Каждому аз воздам! Книга первая - стр. 4
– Вот как! – И чем же знаменит этот человек, я смотрю он заслуженный, генерал-майор, вон сколько орденов у него на груди, больше чем у тебя!
– Да Дима, он начал свою работу в разведке за десять лет до того, как встретил меня в далеком 1933 году. Дед достал из внутреннего кармана орденскую книжку и вынул из неё пожелтевшую фотографию, – Обрати внимание на петлицы – четыре кубаря, этот снимок сделан до 1935 года, когда постановлением ЦИК и СНК СССР четыре кубаря капитана, сменили на одну шпалу.

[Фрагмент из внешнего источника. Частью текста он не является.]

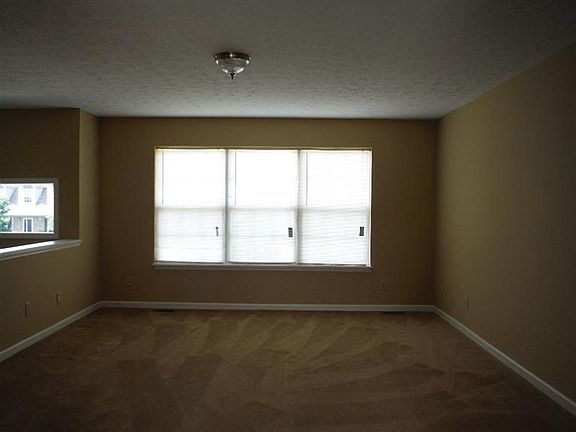5th image of 440 Southbrook Dr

Я познакомился с ним в 1933 году, он уже тогда был капитаном, я, как раз, провалил экзамены в военное училище в Киеве и был на перепутье. Ему дважды писали представление на присвоение звания Героя Советского Союза, но его ершистый характер и сумасшедшие выходки в тылу врага во время войны, так и не позволили присвоить ему это высшее звание воинской доблести в СССР. Но он никогда об этом не жалел. Наград у него и так хватало, три ордена "Красной Звезды", два ордена "Отечественной войны" обеих степеней, орден Ленина и Орден Богдана Хмельницкого II степени, а медалей за «Отвагу», "За Победу над и взятие…" без счета, эти награды говорят сами за себя.
– Я, уже видел эту фотографию, мне бабушка показывала, тут ты еще совсем молодой, стоишь с каким-то суровым военным, это он? – Да Дмитрий, это он бандит и налетчик, гроза Ряжского уезда во времена далекого НЭП в Советской России.
– Не может быть, как он умудрился из бандита стать генералом?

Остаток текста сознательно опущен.